The team conducted a meta-review and analysis of previous studies regarding the use of ultrasound to evaluate thickening of the intima and media layers of the carotid arteries (carotid IMT). At the conclusion of their retrospective analysis (8 different studies with a total of 37,197 subjects who were followed up for a mean of 5.5 years) their results showed that after adjustment for age and sex, increased carotid IMT was associated with increased risk of both MI (myocardial infarction, aka "heart attack") and stroke.

After establishing a "baseline" value among patients without symptoms or a history of cardiovascular disease, the researchers found that:·

The overall risk for cardiovascular disease among those with thickened arterial walls increased from 1.0 to ~1.20, indicating a 20% higher incidence of risk for heart disease· Using the same criteria, overall risk for stroke increased to ~1.30 for a 30% higher risk.

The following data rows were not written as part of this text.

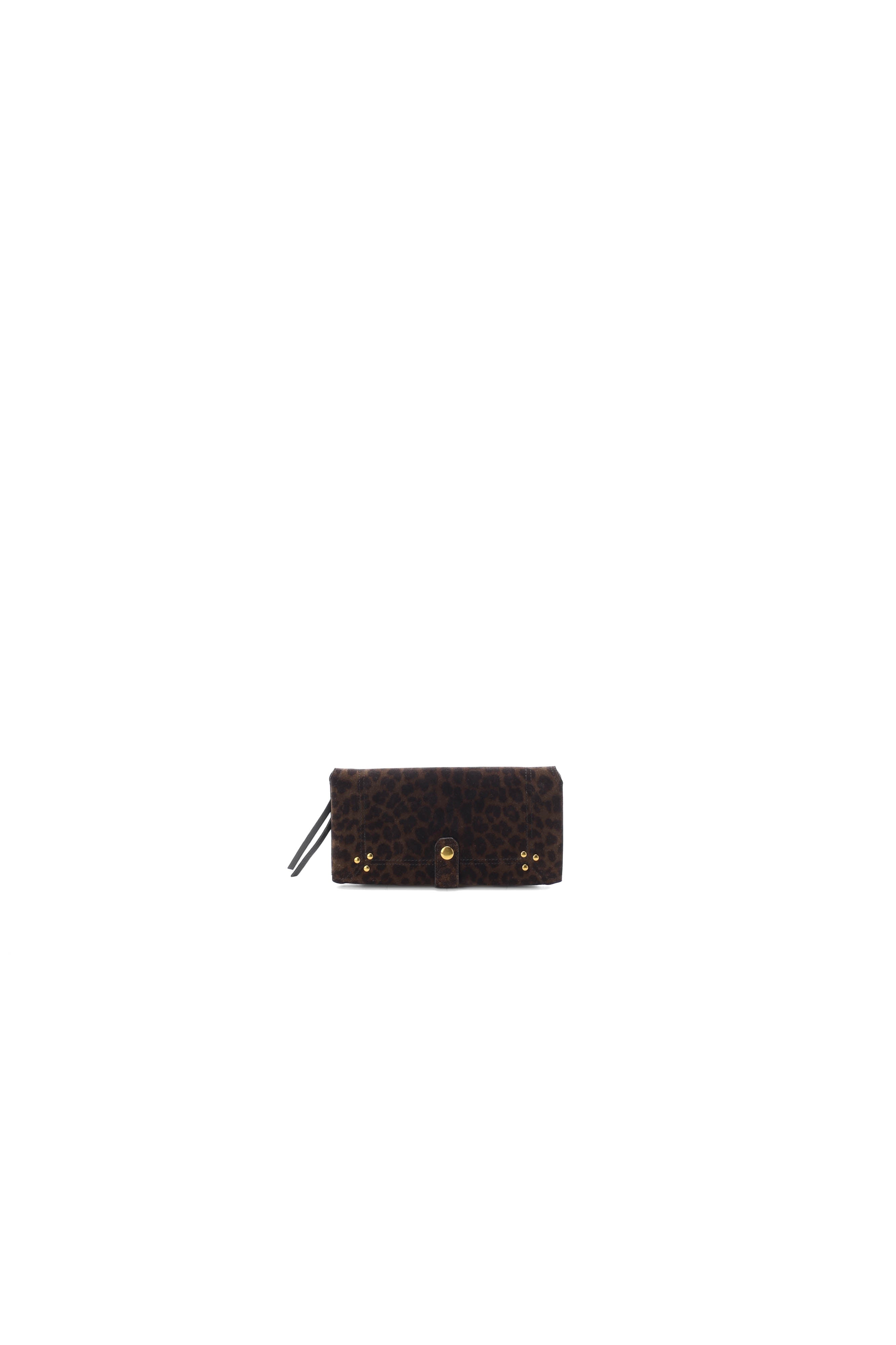 Porte mobile L croute velours léo kaki Jerome Dreyfuss
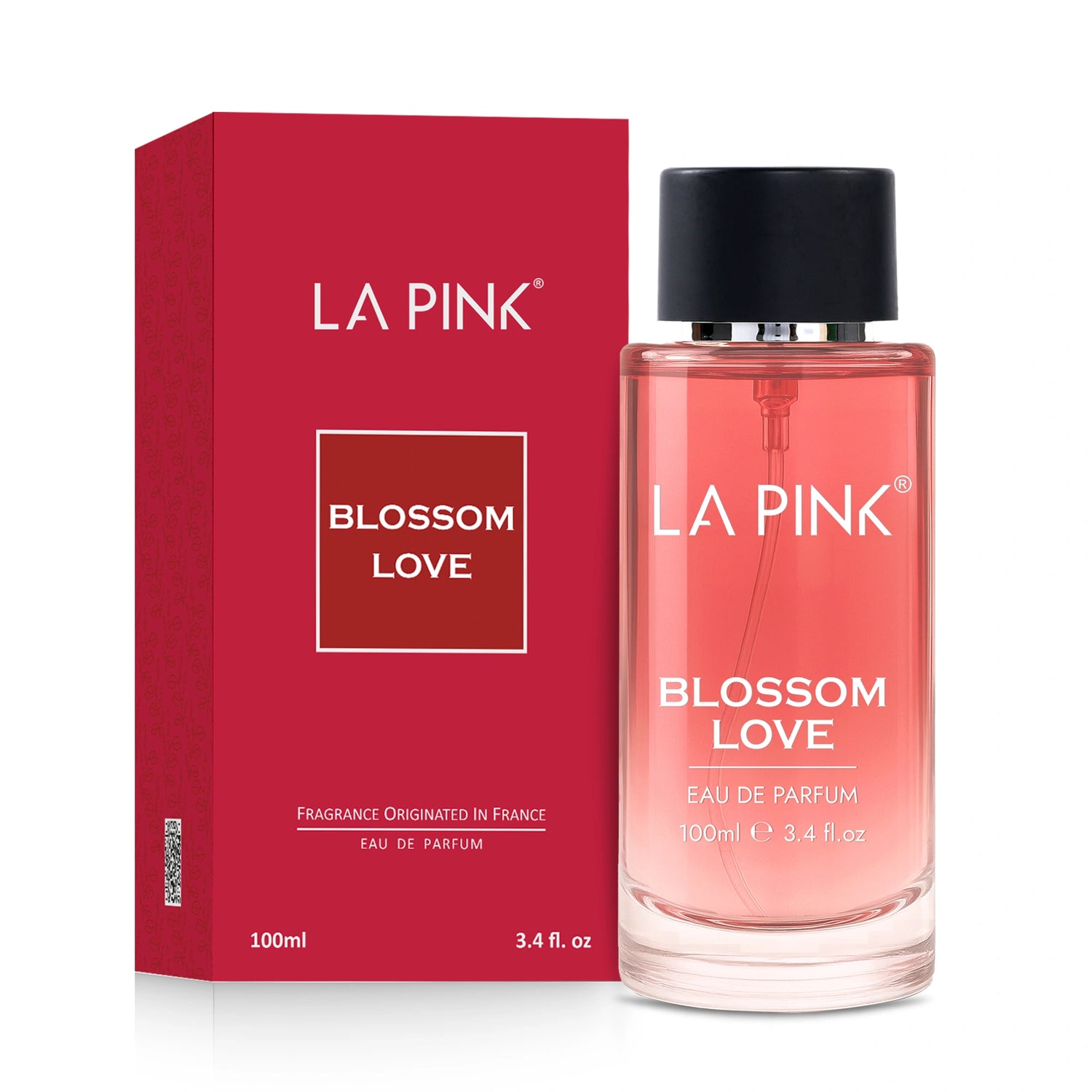 LA Pink Blossom Love perfume bottle and packaging on a white background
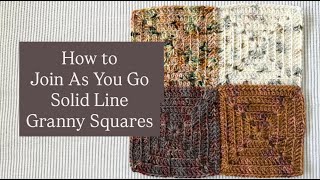 How to Crochet JAYG (join as you go) Solid Lined Granny Squares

As the authors note, there are several factors in favor of using ultrasonography as both a component of a routine screening exam and as a predictor of future cardiovascular events regarding patients that are already symptomatic:

Ultrasound does not expose the patient to any form of radiation·
The clinical utility of ultrasound as an imaging tool in other areas of medical practice is well-established
The testing guidelines are simple to understand and implement

While admitting that more study will be required, particularly regarding the utility of the exam in determining risk for other cardiovascular conditions, the authors feel that ultrasonography will soon be incorporated into the standard testing regimen when cardiovascular disease is suspected.